Con l’assegno unico a lavoratori autonomi e disoccupati arriva anche l’aumento degli assegni famigliari dei lavoratori dipendenti. Il decreto ponte dispone – in attesa che l’assegno unico entri in vigore dal primo gennaio 2022 anche per i lavoratori dipendenti – un incremento di 35,7 euro mensili a figlio per i nuclei fino a 2 figli, di 55 euro per i nuclei di almeno tre figli. Questo aumento riguarderà circa 4 milioni di famiglie.

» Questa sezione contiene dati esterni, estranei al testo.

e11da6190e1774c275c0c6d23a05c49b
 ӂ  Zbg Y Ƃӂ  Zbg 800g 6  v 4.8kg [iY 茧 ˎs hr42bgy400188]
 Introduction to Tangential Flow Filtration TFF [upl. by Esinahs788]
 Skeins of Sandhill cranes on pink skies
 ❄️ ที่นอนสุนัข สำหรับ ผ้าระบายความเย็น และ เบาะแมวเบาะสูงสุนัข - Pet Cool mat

Dopo il periodo ponte l’assegno unico dovrebbe valere per tutti. Ma le risorse a disposizione – 20 miliardi tra nuovi stanziamenti e fondi utilizzati per altre misure come bonus bebè e detrazioni – non bastano per poter distribuire 250 euro per ogni figlio, la cifra promessa dalla ministra Elena Bonetti e dal premier Mario Draghi dopo l’approvazione del ddl delega in Senato. La legge, frutto della convergenza tra due proposte ad hoc del Pd e il ddl delega voluto dalla ministra di Italia viva, prevede un assegno per tutti i nuclei con figli a carico: la cifra sarà erogata a partire dal settimo mese di gravidanza e fino al compimento dei 21 anni, con maggiorazioni a partire dal terzo figlio e nel caso ci siano componenti disabili. La novità è che l’aiuto non andrà solo ai lavoratori dipendenti come gli attuali assegni familiari ma anche agli autonomi che finora erano esclusi e agli incapienti che non godono delle detrazioni perché, semplicemente, non pagano abbastanza imposte da poterne beneficiare. Queste categorie saranno le prime a riceverlo, già durante il periodo ponte.
Il problema è che includere categorie finora escluse complica i conti. In marzo uno studio del gruppo di lavoro Arel/Fondazione E. Gorrieri/Alleanza per l’infanzia aveva stimato che 1,35 milioni di nuclei rischiavano una perdita mediana di 381 euro. Una clausola di compensazione integrale delle perdite, che consentirebbe di scegliere il regime più favorevole, costerebbe 800 milioni. Da aggiungere ai 20 miliardi sul piatto al momento, due terzi dei quali sono coperture di provvedimenti che verrebbero aboliti e sostituiti dall’assegno.